The charter being peremptory in its requirements, the case of The People ex rel. v. The County of Tazewell, 22 Ill. 157, could not apply. The law of 1849 gave a discretion, whilst in this there is none to be exercised. The case of Aspinwall v. The Commissioners of the County of Daviess, 22 Howard, 367, is not in point. There, as we understand the case, the new constitution prohibited the subscription, whilst ours expressly saves all subscriptions voted before the adoption of the constitution. Had it not been - for this saving clause that ease would have been in point.

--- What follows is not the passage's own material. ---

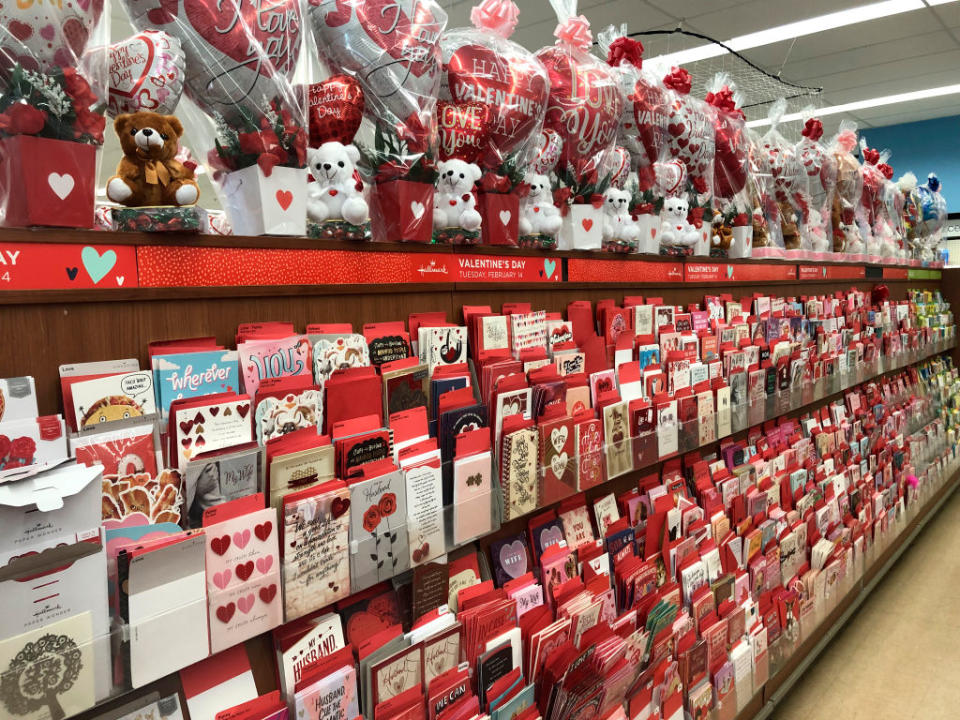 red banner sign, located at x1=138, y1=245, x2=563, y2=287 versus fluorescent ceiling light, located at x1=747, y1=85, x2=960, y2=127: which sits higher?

We can see no conflict between the charter which authorized this subscription and the section of the constitution relating to subscriptions by municipal corporations to railroads, which declares they may be made when the same had been authorized by a vote of the people of such municipality, before the adoption of the constitution, under previously existing laws. They are in perfect harmony, as this vote was taken before that instrument was submitted to a vote of the people for adoption.

The demurrer must be sustained to all of the return except that portion which avers the fraud in holding the election by permitting illegal votes to be cast thereat; and that more illegal votes were cast than the declared majority in favor of subscription; and that a majority of the votes cast was against subscription; and that relators had notice of the same; to which averments it is overruled and relators, according to the stipulation filed herein, will have leave to traverse the same and form an issue in fact thereon.